Your objective: The listing below should be reproduced precisely, except for its images.

Provided data:
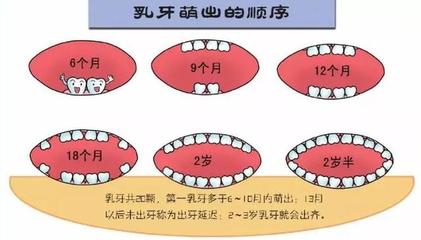 新生儿出牙顺序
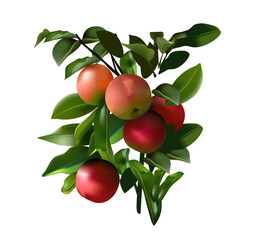 red apples on a branch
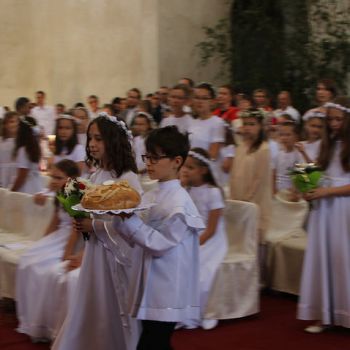 2018-05-27 11.44.04-1.jpg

Solution:
 新生儿出牙顺序
 red apples on a branch
 2018-05-27 11.44.04-1.jpg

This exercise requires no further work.